Their passion and commitment to their work and to the former refugees they work with shone through and it was an absolute pleasure to get an insight into their daily working lives.

Some facts and figures that may be of interest

  • Around the world there are approximately 60 million people who have been forcibly displaced from their homes.
  • Of the 60 million displaced people worldwide, approximately 20 million are refugees, more than ever before. 40 million people are internally displaced and around 2 million are asylum-seekers.
  • New Zealand welcomes 750 refugees per year under its current refugee quota. The quota has not changed since 1987.
  • New Zealand ranks 90th in the world in per capita assistance to refugees. Meanwhile, Australia takes five times more refugees and asylum seekers per capita than us and their quota is three and a half times higher than ours.
  • In 2015, the Government announced an emergency intake of an additional 600 places for Syrian refugees over the next two and a half years, starting in January 2015. This is not a permanent increase.

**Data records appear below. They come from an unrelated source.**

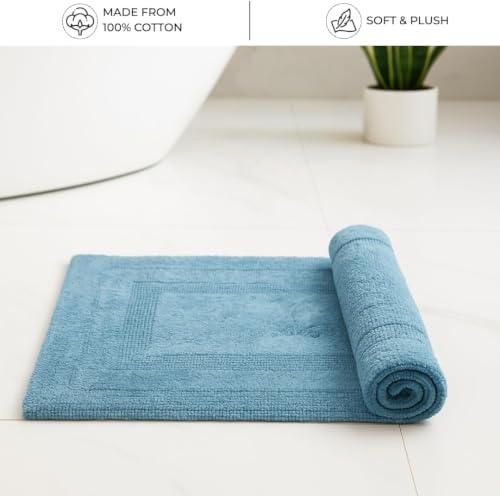 Image of Cotton Reversible Tufted Bath Mat - 2000 GSM, 50 x 80 cm (Blue)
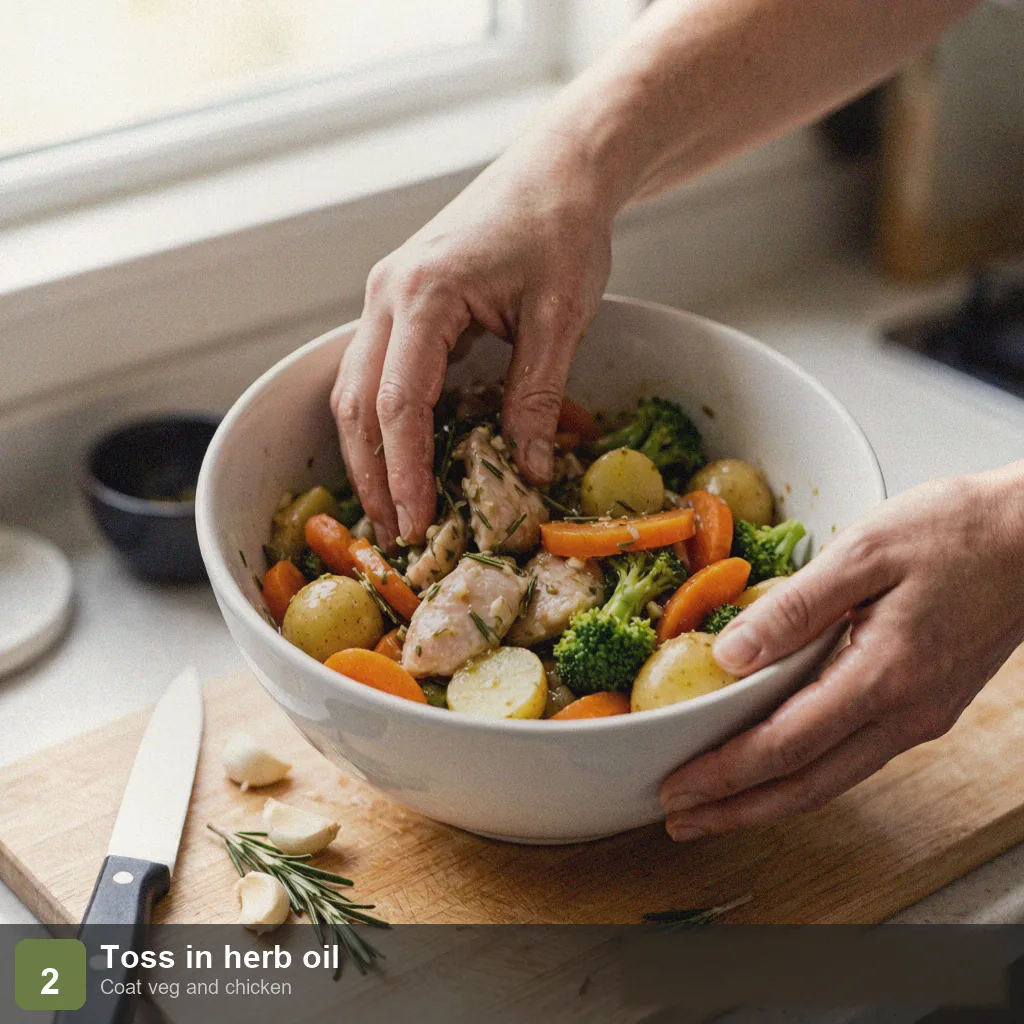 Low sodium sheet pan dinner step 2: vegetables and chicken tossed in olive oil herb mixture
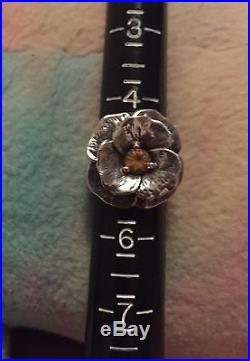 Retired James Avery Dimensional Flower Ring with Citrine Gemstone Center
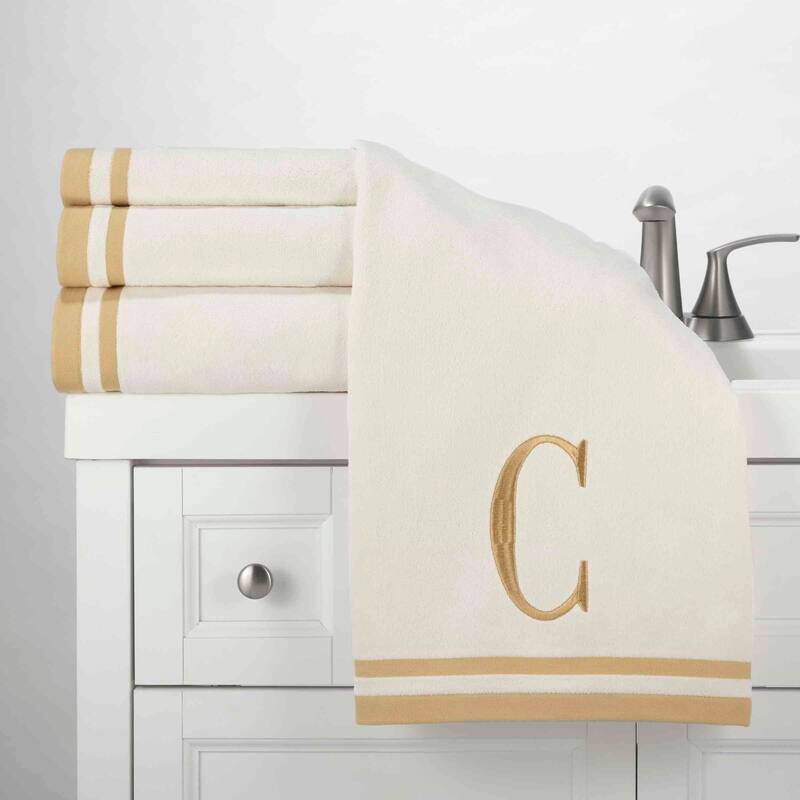 Avanti IVR/GLD Monogram 3-Piece Towel Set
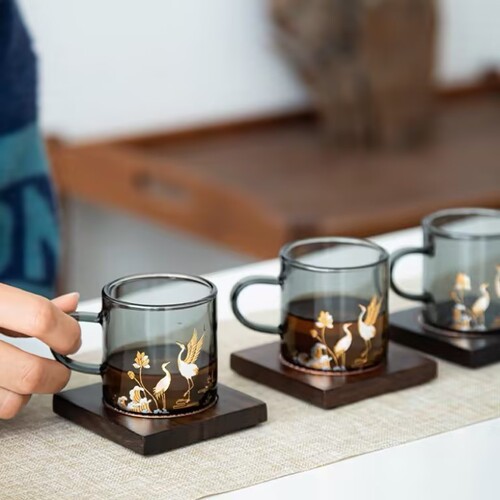 High borosilicate glass small tea cup for home reception and drinking, heat-resistant glass printed tea cup, kung fu tea set accessories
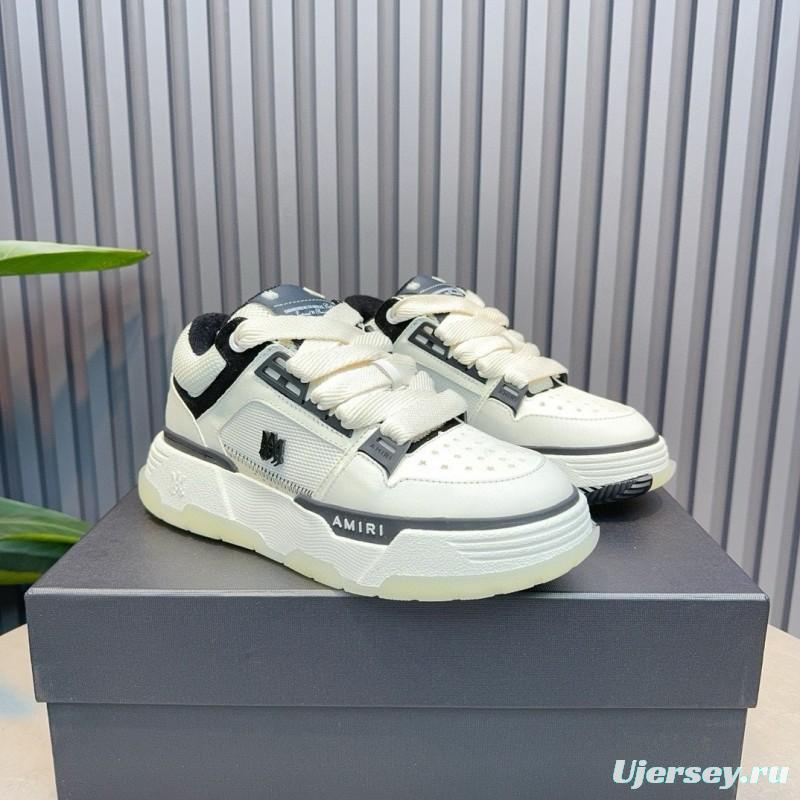 2024 Unisex Amiri White Black Leather Sneakers MJ00360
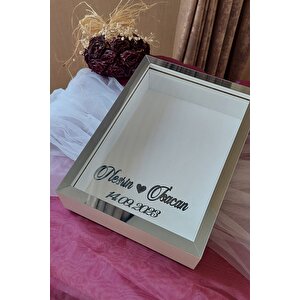 25x35 Cm Beyaz-füme Ledsiz Derin Gül Tasarım Çerçevesi! Gül Kutusu Anı Çerçevesi! Isim Ve Tarih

  • There are already around 100 Syrian former refugees in New Zealand who arrived during 2015 under the regular quota.
  • Additionally, there are about 300 people per year who come to NZ on a refugee family reunification visa but these people do not receive any government assistance or programme support.
  • Refugees come from all over the world. Currently, however, 53 per cent of refugees come from just three countries; Syria 3.88m, Afghanistan 2.59m and Somalia 1.1m
  • Though New Zealand accepts refugees from a wide range of countries, we have large populations form Afghanistan, Colombia, Myanmar, Iraq, Somalia and Bhutan.